→ **Task instructions**
In the records below, find the line containing "Heritage gold plated" and the line containing "Højre sidekjole BMW"; please repeat exactly the lines from one to the other, both included, and nothing more.

[Source records]
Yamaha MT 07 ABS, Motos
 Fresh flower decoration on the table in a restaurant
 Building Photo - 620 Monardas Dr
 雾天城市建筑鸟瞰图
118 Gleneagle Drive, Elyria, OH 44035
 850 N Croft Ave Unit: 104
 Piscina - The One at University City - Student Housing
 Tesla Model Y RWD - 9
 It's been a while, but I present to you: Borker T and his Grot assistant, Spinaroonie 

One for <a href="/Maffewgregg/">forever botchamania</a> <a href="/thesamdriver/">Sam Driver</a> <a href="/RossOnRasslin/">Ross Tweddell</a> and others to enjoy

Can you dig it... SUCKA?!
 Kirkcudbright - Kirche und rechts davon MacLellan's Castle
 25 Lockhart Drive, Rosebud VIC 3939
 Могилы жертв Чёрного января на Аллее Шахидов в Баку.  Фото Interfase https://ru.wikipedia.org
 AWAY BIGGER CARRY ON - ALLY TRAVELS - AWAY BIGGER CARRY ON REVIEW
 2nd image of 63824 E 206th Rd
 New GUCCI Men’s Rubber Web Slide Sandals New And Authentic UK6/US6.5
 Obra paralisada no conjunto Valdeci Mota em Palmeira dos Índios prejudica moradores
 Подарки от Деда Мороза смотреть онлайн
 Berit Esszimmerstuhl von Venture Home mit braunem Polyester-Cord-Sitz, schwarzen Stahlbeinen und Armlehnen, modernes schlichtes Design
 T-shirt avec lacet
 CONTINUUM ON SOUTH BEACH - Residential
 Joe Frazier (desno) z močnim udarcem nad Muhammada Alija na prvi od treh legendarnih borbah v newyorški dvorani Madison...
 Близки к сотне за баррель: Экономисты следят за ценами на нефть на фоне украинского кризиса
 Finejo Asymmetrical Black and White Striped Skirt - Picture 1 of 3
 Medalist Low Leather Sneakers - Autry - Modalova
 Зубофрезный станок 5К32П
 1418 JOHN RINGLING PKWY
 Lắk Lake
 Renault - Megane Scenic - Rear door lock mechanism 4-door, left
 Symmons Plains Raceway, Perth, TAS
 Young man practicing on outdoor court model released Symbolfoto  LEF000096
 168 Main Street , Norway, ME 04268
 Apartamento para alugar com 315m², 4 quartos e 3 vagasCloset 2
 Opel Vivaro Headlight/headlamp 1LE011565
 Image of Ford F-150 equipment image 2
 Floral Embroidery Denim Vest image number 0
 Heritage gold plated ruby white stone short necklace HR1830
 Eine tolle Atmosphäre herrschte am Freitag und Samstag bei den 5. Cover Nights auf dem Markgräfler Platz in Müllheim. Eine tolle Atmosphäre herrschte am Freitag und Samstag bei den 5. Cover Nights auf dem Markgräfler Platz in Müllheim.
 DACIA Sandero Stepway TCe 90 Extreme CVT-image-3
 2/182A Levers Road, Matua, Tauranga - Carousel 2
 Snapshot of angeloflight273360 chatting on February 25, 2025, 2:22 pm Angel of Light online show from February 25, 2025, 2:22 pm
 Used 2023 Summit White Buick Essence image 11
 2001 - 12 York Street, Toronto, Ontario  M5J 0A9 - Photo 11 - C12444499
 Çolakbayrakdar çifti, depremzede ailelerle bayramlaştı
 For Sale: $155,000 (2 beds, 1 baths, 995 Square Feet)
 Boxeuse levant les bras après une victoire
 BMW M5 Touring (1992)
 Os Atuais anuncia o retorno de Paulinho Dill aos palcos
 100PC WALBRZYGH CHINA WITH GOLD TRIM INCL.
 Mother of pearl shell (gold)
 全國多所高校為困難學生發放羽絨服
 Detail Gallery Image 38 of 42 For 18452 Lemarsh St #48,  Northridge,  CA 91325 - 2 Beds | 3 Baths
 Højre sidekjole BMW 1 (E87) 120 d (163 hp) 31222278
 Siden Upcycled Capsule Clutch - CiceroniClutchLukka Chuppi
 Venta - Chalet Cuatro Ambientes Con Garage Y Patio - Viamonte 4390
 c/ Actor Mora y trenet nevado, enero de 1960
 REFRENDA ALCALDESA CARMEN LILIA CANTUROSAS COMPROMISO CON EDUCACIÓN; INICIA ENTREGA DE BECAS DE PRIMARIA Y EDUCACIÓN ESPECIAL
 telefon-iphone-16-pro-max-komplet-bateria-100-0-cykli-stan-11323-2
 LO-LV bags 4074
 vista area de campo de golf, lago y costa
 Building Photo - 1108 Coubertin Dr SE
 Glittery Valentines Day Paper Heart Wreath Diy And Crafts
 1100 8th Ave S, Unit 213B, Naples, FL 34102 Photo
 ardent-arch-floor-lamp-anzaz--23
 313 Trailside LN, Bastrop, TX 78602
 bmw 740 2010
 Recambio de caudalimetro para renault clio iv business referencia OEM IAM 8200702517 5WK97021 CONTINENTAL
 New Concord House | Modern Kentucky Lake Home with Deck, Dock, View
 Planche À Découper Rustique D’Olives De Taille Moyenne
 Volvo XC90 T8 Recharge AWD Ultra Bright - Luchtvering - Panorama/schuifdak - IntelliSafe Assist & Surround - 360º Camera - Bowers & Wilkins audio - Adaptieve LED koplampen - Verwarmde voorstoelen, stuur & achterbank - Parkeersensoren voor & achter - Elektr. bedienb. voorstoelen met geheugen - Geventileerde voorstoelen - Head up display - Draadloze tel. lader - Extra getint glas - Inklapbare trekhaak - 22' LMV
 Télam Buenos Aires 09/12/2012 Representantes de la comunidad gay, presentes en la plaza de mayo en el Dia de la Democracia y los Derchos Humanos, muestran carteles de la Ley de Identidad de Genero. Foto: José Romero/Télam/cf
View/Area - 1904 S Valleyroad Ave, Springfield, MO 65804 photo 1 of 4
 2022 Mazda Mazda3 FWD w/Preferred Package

→ **Completed task**
 Heritage gold plated ruby white stone short necklace HR1830
 Eine tolle Atmosphäre herrschte am Freitag und Samstag bei den 5. Cover Nights auf dem Markgräfler Platz in Müllheim. Eine tolle Atmosphäre herrschte am Freitag und Samstag bei den 5. Cover Nights auf dem Markgräfler Platz in Müllheim.
 DACIA Sandero Stepway TCe 90 Extreme CVT-image-3
 2/182A Levers Road, Matua, Tauranga - Carousel 2
 Snapshot of angeloflight273360 chatting on February 25, 2025, 2:22 pm Angel of Light online show from February 25, 2025, 2:22 pm
 Used 2023 Summit White Buick Essence image 11
 2001 - 12 York Street, Toronto, Ontario  M5J 0A9 - Photo 11 - C12444499
 Çolakbayrakdar çifti, depremzede ailelerle bayramlaştı
 For Sale: $155,000 (2 beds, 1 baths, 995 Square Feet)
 Boxeuse levant les bras après une victoire
 BMW M5 Touring (1992)
 Os Atuais anuncia o retorno de Paulinho Dill aos palcos
 100PC WALBRZYGH CHINA WITH GOLD TRIM INCL.
 Mother of pearl shell (gold)
 全國多所高校為困難學生發放羽絨服
 Detail Gallery Image 38 of 42 For 18452 Lemarsh St #48,  Northridge,  CA 91325 - 2 Beds | 3 Baths
 Højre sidekjole BMW 1 (E87) 120 d (163 hp) 31222278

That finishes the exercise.